> [What you will do]:
Without changing anything, transcribe all of the entries.

Stored records
====
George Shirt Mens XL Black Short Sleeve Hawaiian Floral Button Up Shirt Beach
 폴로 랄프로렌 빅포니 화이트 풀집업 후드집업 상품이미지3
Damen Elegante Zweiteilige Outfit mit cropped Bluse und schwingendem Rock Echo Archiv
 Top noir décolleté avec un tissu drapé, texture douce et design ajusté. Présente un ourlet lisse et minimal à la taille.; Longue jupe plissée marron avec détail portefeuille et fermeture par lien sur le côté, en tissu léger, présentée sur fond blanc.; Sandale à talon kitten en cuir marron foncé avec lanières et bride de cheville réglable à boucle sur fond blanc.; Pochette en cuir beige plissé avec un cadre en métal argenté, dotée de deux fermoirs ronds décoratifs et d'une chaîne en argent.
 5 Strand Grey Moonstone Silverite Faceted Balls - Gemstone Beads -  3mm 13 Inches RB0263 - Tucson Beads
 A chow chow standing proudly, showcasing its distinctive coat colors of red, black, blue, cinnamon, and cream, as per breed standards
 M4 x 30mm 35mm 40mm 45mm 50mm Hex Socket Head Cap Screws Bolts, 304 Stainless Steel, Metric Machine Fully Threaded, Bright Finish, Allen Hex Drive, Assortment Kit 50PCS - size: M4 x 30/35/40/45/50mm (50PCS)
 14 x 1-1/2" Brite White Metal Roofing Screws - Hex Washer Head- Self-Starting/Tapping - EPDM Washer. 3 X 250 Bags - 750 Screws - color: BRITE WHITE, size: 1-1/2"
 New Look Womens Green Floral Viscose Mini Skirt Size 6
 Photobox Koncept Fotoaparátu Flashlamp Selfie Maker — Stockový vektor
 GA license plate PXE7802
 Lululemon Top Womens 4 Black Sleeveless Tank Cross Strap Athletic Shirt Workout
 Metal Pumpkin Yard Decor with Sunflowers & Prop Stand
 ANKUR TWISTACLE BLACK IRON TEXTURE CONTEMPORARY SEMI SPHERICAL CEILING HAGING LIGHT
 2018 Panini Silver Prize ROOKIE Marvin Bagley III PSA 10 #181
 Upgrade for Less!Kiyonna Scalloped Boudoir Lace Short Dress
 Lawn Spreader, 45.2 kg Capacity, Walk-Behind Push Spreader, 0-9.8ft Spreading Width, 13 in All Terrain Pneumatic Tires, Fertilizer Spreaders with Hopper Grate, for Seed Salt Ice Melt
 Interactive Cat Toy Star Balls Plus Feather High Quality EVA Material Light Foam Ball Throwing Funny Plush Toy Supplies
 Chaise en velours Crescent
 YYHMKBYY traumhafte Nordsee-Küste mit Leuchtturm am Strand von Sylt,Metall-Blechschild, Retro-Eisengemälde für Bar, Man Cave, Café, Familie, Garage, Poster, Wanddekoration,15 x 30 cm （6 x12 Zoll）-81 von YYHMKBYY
====
> [Your solution]:
George Shirt Mens XL Black Short Sleeve Hawaiian Floral Button Up Shirt Beach
 폴로 랄프로렌 빅포니 화이트 풀집업 후드집업 상품이미지3
Damen Elegante Zweiteilige Outfit mit cropped Bluse und schwingendem Rock Echo Archiv
 Top noir décolleté avec un tissu drapé, texture douce et design ajusté. Présente un ourlet lisse et minimal à la taille.; Longue jupe plissée marron avec détail portefeuille et fermeture par lien sur le côté, en tissu léger, présentée sur fond blanc.; Sandale à talon kitten en cuir marron foncé avec lanières et bride de cheville réglable à boucle sur fond blanc.; Pochette en cuir beige plissé avec un cadre en métal argenté, dotée de deux fermoirs ronds décoratifs et d'une chaîne en argent.
 5 Strand Grey Moonstone Silverite Faceted Balls - Gemstone Beads -  3mm 13 Inches RB0263 - Tucson Beads
 A chow chow standing proudly, showcasing its distinctive coat colors of red, black, blue, cinnamon, and cream, as per breed standards
 M4 x 30mm 35mm 40mm 45mm 50mm Hex Socket Head Cap Screws Bolts, 304 Stainless Steel, Metric Machine Fully Threaded, Bright Finish, Allen Hex Drive, Assortment Kit 50PCS - size: M4 x 30/35/40/45/50mm (50PCS)
 14 x 1-1/2" Brite White Metal Roofing Screws - Hex Washer Head- Self-Starting/Tapping - EPDM Washer. 3 X 250 Bags - 750 Screws - color: BRITE WHITE, size: 1-1/2"
 New Look Womens Green Floral Viscose Mini Skirt Size 6
 Photobox Koncept Fotoaparátu Flashlamp Selfie Maker — Stockový vektor
 GA license plate PXE7802
 Lululemon Top Womens 4 Black Sleeveless Tank Cross Strap Athletic Shirt Workout
 Metal Pumpkin Yard Decor with Sunflowers & Prop Stand
 ANKUR TWISTACLE BLACK IRON TEXTURE CONTEMPORARY SEMI SPHERICAL CEILING HAGING LIGHT
 2018 Panini Silver Prize ROOKIE Marvin Bagley III PSA 10 #181
 Upgrade for Less!Kiyonna Scalloped Boudoir Lace Short Dress
 Lawn Spreader, 45.2 kg Capacity, Walk-Behind Push Spreader, 0-9.8ft Spreading Width, 13 in All Terrain Pneumatic Tires, Fertilizer Spreaders with Hopper Grate, for Seed Salt Ice Melt
 Interactive Cat Toy Star Balls Plus Feather High Quality EVA Material Light Foam Ball Throwing Funny Plush Toy Supplies
 Chaise en velours Crescent
 YYHMKBYY traumhafte Nordsee-Küste mit Leuchtturm am Strand von Sylt,Metall-Blechschild, Retro-Eisengemälde für Bar, Man Cave, Café, Familie, Garage, Poster, Wanddekoration,15 x 30 cm （6 x12 Zoll）-81 von YYHMKBYY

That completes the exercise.